マウスも人間と同じように、次に食べるものの好き嫌いに応じて、その前に食べるものの量を計画的に調節できることがわかった。東京大学大学院農学生命科学研究科の喜田聡教授らによる研究グループが発見した。
本研究グループは、人が日常するような計画的な食行動が、マウスでも観察されるかを調べたという。マウスに通常餌を与えてから好きな食物(チーズ、スイートチョコレート)あるいは苦手な食物(ビターチョコレート)を与えることを繰り返すと、チーズあるいはスイートチョコレートが与えられる場合には、その前の通常餌の摂食量が減っていき、逆に、ビターチョコレートを与えられる場合には通常餌の摂食量が増えていくことがわかった。つまり、マウスも我々が日常的におこなっているように、その次に何を食べるかを計算しながら、計画的に食事することが明らかとなった。

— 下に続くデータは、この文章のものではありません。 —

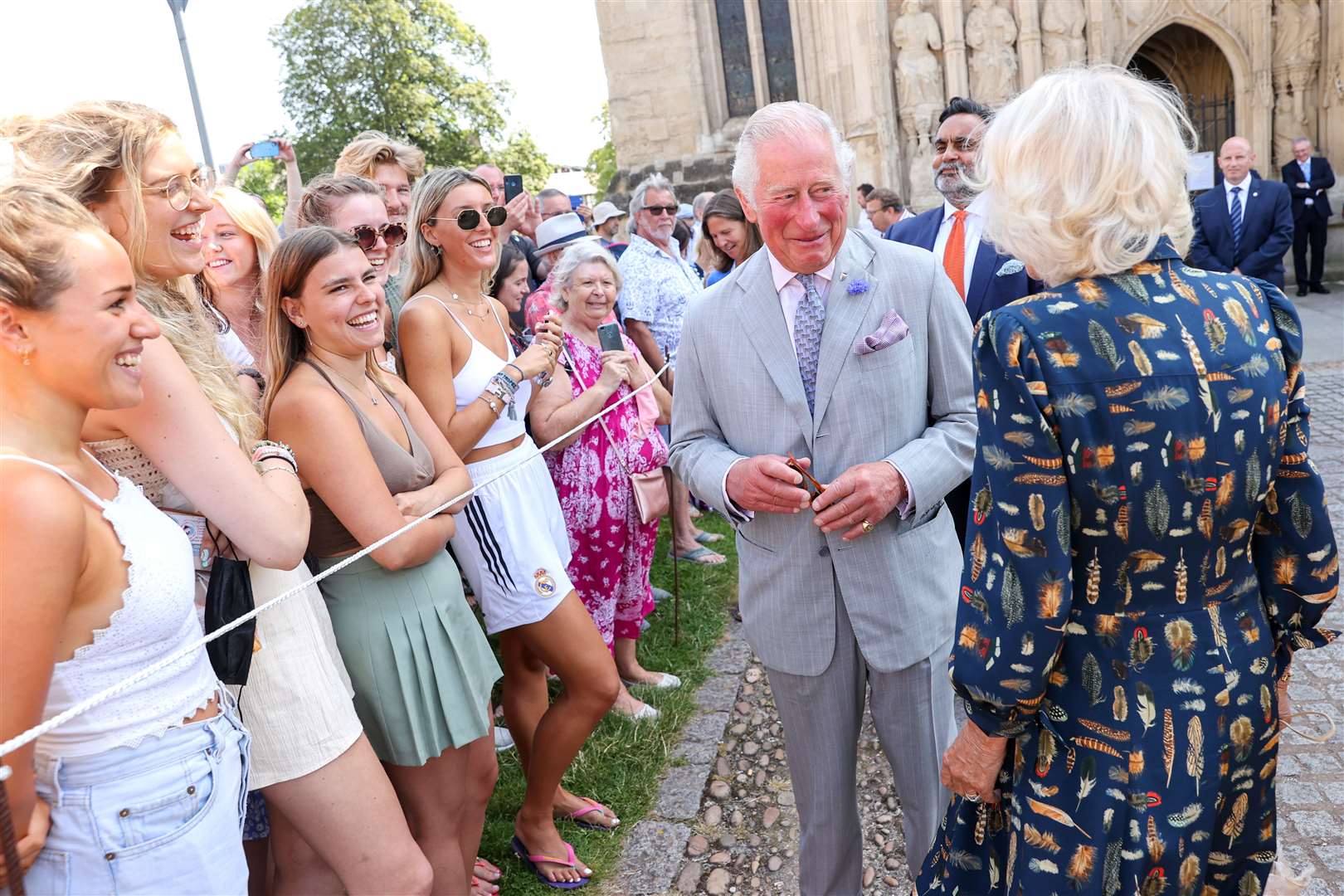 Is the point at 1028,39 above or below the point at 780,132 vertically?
above

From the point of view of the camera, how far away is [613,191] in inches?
734

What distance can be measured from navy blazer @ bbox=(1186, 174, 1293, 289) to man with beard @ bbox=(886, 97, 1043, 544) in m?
7.17

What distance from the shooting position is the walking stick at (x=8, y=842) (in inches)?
61.4

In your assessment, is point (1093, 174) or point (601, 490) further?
point (601, 490)

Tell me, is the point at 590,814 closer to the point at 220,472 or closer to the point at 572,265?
the point at 220,472

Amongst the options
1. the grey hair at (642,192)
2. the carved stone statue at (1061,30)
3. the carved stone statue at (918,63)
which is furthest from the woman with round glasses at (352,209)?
the carved stone statue at (1061,30)

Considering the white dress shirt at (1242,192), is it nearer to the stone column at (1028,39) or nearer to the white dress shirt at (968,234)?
the stone column at (1028,39)

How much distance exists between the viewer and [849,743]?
9.16 ft

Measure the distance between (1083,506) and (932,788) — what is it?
129cm

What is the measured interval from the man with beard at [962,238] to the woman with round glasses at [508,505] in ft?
4.83

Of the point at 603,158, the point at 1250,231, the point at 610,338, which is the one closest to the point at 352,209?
the point at 610,338

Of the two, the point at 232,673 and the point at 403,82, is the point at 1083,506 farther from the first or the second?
the point at 403,82

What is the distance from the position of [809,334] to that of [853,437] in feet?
1.07

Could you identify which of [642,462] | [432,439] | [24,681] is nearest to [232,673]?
[24,681] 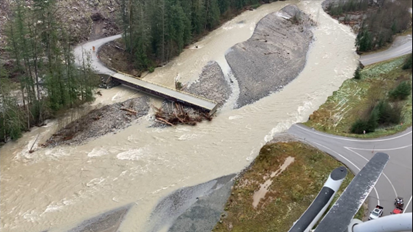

我々人間は、「別腹食い」、「ストレス食い」、「やけ食い」など、本来生存には必要ではない不思議な食行動を示す。このような食行動は、生命維持の必要性に従って食行動が制御される「代謝制御」とは別に、それぞれの食物に対する嗜好性に応じて食行動が制御される「認知制御」の一つだ。
今回マウスでも、認知制御の一端が再現されたと言うことができるだろう。今後の研究継続により、後に食べる物を考慮して食事するといったヒトの計画的食行動のメカニズム解明に前進することが期待される。また、この計画的食行動の破綻が、過食症や拒食症などの摂食障害の一因になると考えられるため、今回の発見は摂食障害の理解に繋がることも期待される。